CISC 889: Information Extraction Projects
Many of the items below represent a topic rather than a specific
project. Thus, many projects or variations of a single project are possible
for each topic.
The general idea is that the project will allow you to get a
hands-on experience and allow you to learn/investigate a topic in
far more detail thand what would be possible from class
discussions alone. There are various possible ways to do so.
For example, you may choose to explore a method (discussed or not
discussed in class) and implement and investigate extensions. You could also
try to explore its application to another domain. Such a project can
bring up issues to do with annotations and creation of data.
Other possible projects could explore different methods, investigating
their relative advantages and disadvantages and/or propose a method
that combine the strengths of different existing methods.
You are encouraged to come up with projects that explore new ideas
whether they be new methods, new applications, new domains etc.
Please note that the criteria for success in the project is not
limited to an effective system (accurate, efficient etc.). For the
purposes of this course, I care more
about how you went about the design, how you addressed the main issues,
what you learnt etc.
- Building a named entity recognizer.
Several possibilities exist. You can try to build your own named entity
recognizer using some of the interesting ideas from the papers
we have discussed in class, or other papers you have read/can read and/or your
own additional ideas.
An alternate project within this topic is to explore building a NER for
a new domain such as in the biology domain. There is a named entity
annotated corpus available for this domain.
-
Text simplification and application to learning IE patterns.
The motivation here is that many IE pattern learning methods don't work well
because they don't capture the syntax and structure of language but rather
look to make generalization at the suface string level. So you could
investigate whether applying some simple "text simplification" methods
to simplify the sentences can make standard pattern learning methods
work better.
- Social Networks (idea due to Keith Trnka). You could investigate
techniques to discover a "social network" from (multiple text documents).
One can formulate a general idea
of a social network as a graph where the nodes represent entities of interest
(whether they are people or genes or organizations ...) and the edges
represent relationships between the entities that they connect.
These relations may be a set of predefined relationships that can be
extracted or could be some vague notion of relationship that may be
inferred from co-occurrence of the entities in text. From such a graph,
different kinds of graph-theoretic notions can be explored to see what
types of groups are formed. Alternatively, they can be used for
knowledge-discovery or mining.
- Topic Categorization: Classifying the topic of a document
(or clustering similar documents based on their topic) has many applications
including in information retrieval. Consider for example, the ability
of a search engine presenting the search results based on topics and
user preferences. Here various techniques can be explored to see how
to determine the topic (from some pre-defined set of topics) or
cluster documents (when no predefined set of topics is assumed).
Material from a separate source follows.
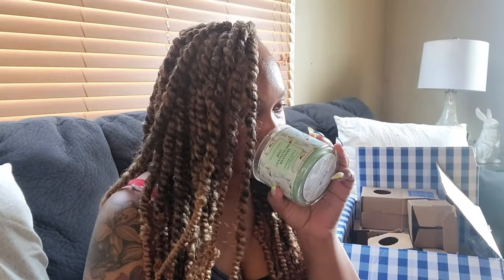Last but not least, you can't go wrong with Mint Chocolate — this is Mint Chocolate Milkshake. I just love how pretty and neutral it is. It smells freaking amazing, really really good, and I can't wait to burn it.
- Query Explansion: The quality of retrieved documents can often be
improved with inclusion of few related terms in the query. Many techniques have
been suggested for query expansion and you can explore the different
techniques or explore them in context of different domains/genre of text.
- Terminology and ontology building: One of the main hurdles in
applying IE techniques or building question-answering systems in specialized
domains is the unique terminology. Simple methods can be used to
extract considerable amount of information about the
terminology or the ontological relationships between the terms.
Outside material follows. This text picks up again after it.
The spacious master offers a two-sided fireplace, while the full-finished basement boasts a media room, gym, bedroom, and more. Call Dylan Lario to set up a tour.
- IE from non-textual domains: While the course focus is on IE from
text documents, you can explore extraction of specific kinds of
information from images, simple graphs/charts etc.
- Question answering systems: This topic will explore towards the
end of the semester. You can get a head-start by looking at
question-answering systems and exploring issues in question-answering.
- Extracting important concepts from a document. You can explore methods
to figure out which words or concepts are important and/or tell us what
the document is about. An application would be to see if that presence of
such a word in the query makes this document more relevant to the query and
hence should be assigned higher relevance score for the search.